Look below for the line with "Obuwie profilaktyczne Postęp"; begin the copy there and stop after the line with "Глава Башкирии принял", keeping the text exact and the pictures out.

Records for this task:
- - -

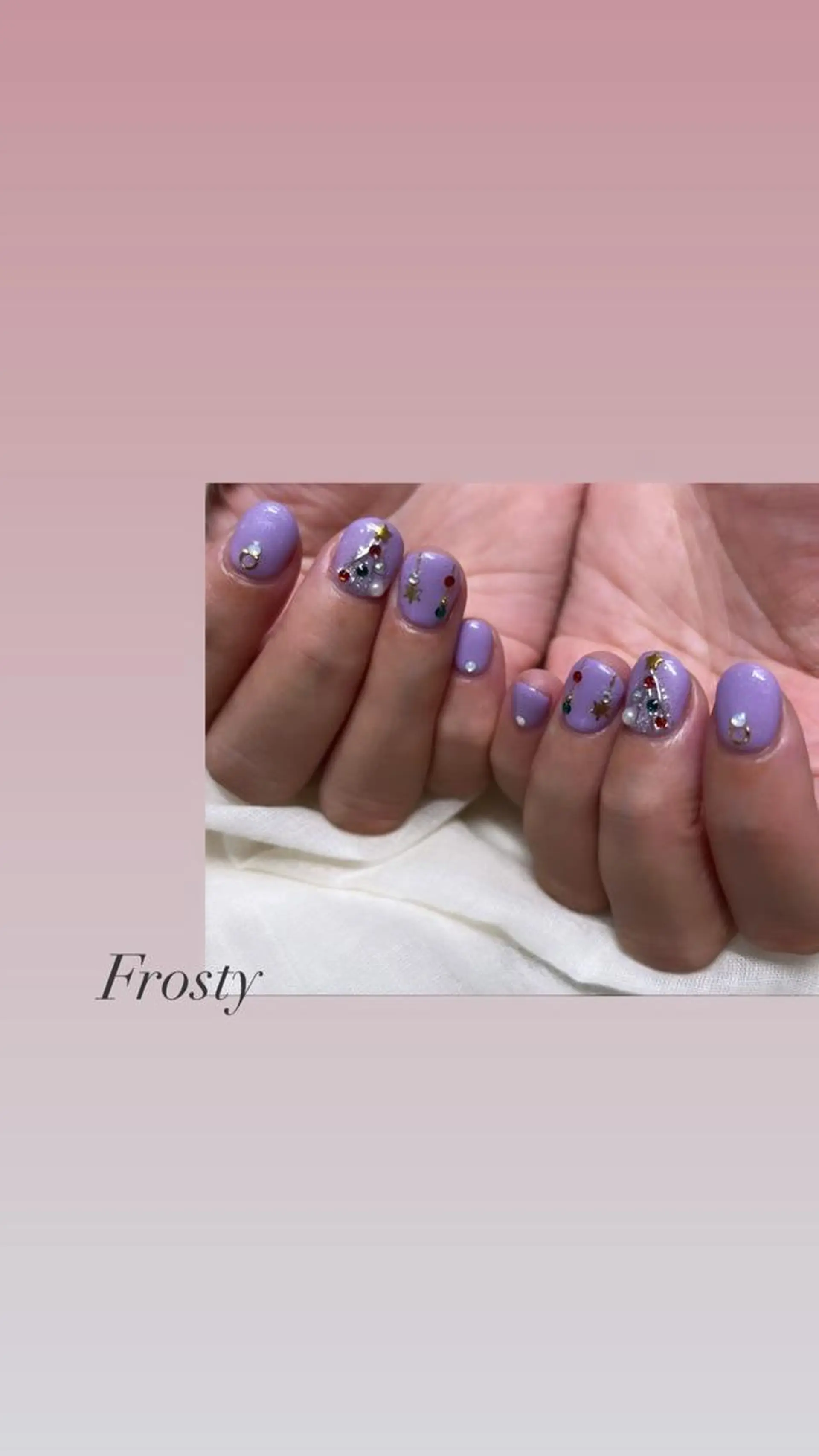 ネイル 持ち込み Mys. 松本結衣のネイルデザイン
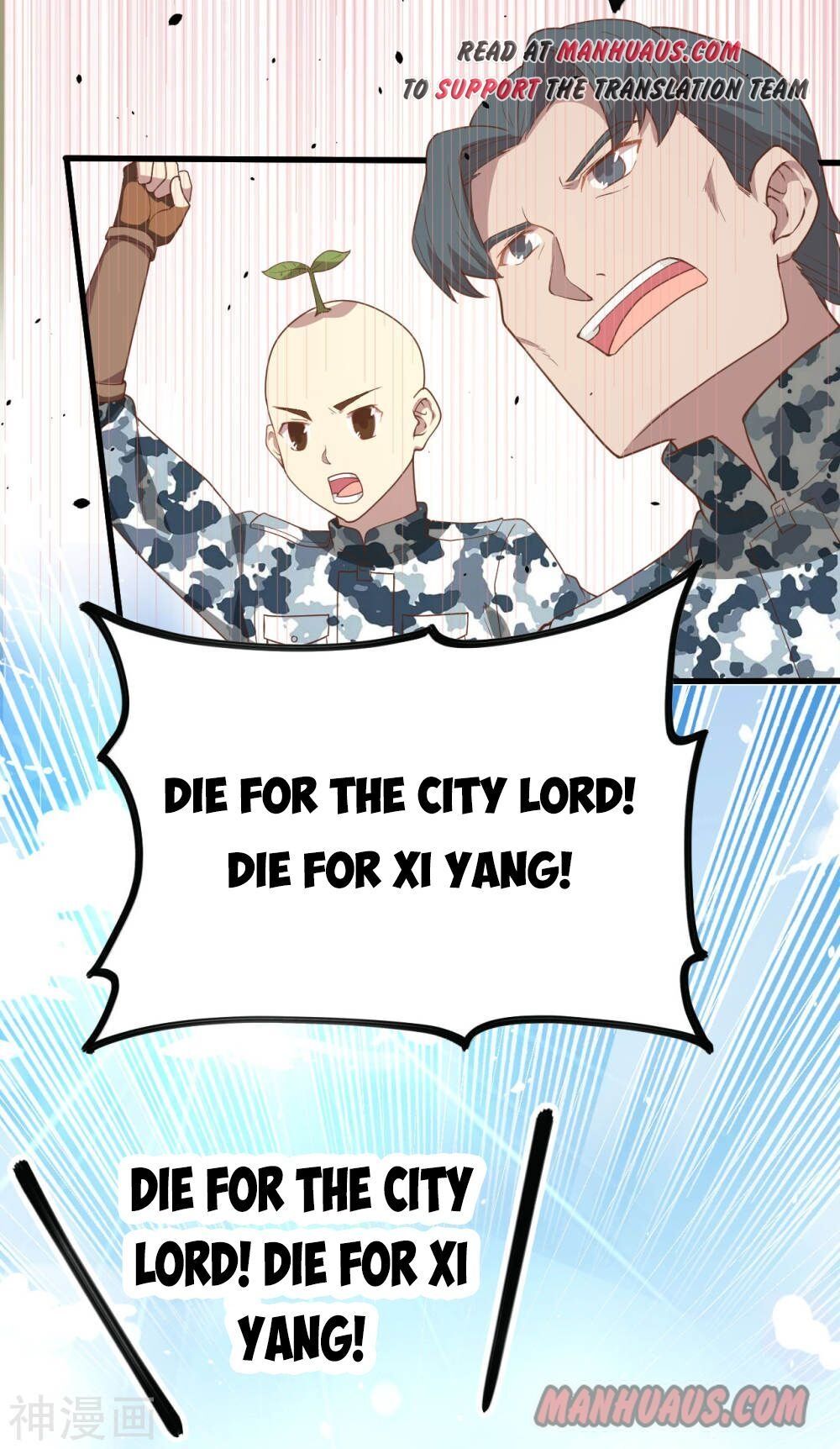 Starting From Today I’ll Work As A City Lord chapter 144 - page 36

- - -

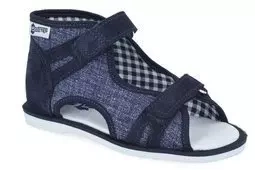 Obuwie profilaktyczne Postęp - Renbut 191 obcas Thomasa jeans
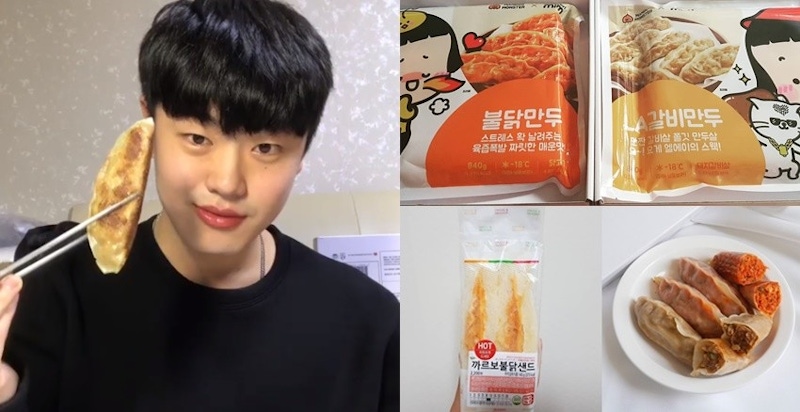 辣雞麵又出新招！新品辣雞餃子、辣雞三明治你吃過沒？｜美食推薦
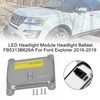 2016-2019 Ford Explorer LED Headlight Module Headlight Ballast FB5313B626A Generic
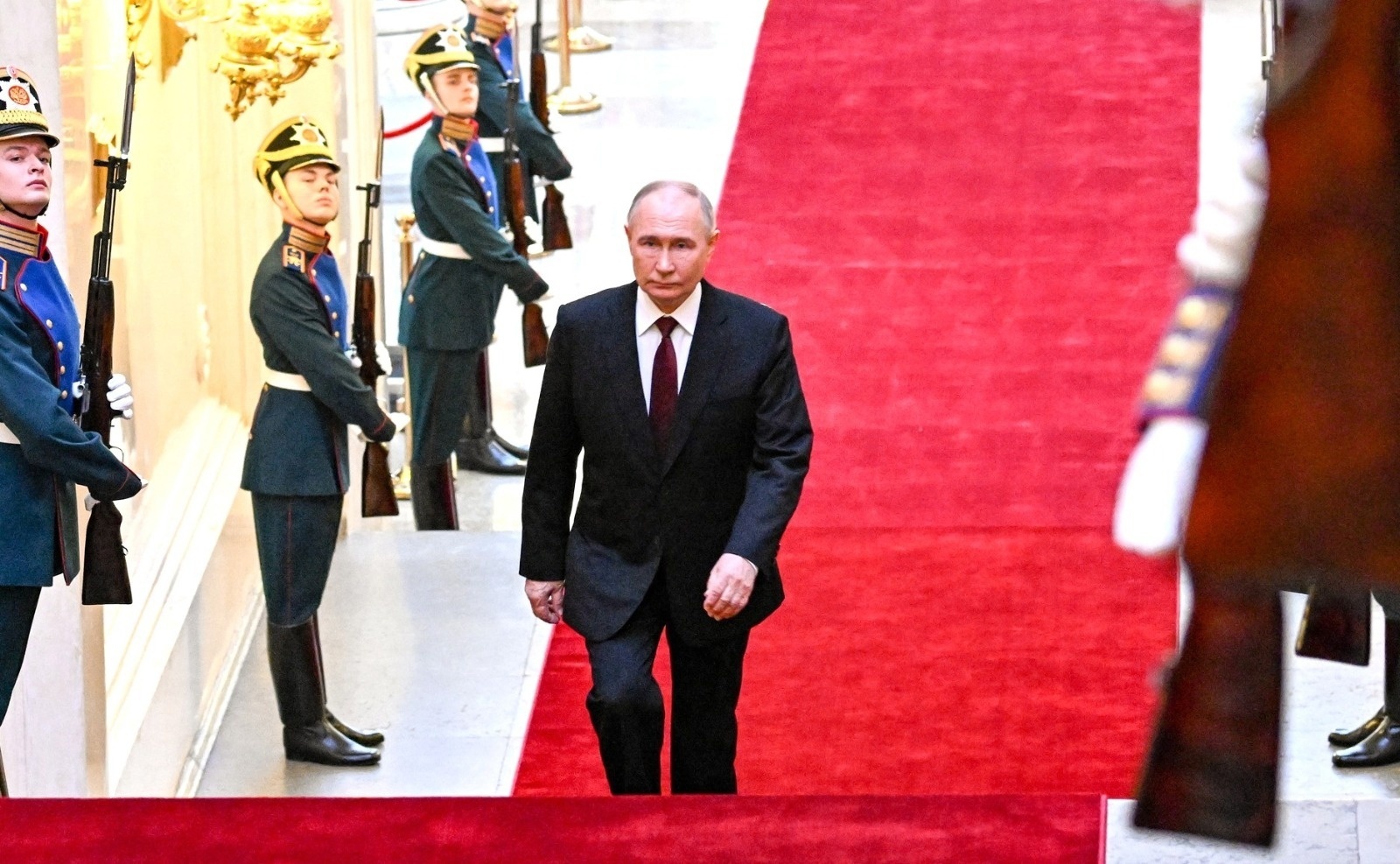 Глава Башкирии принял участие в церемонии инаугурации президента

- - -

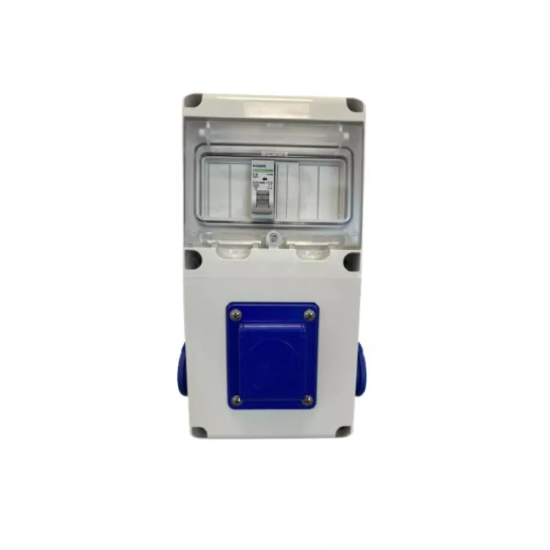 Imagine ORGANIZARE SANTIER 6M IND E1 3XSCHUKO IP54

- - -

Task response:
 Obuwie profilaktyczne Postęp - Renbut 191 obcas Thomasa jeans
 辣雞麵又出新招！新品辣雞餃子、辣雞三明治你吃過沒？｜美食推薦
 2016-2019 Ford Explorer LED Headlight Module Headlight Ballast FB5313B626A Generic
 Глава Башкирии принял участие в церемонии инаугурации президента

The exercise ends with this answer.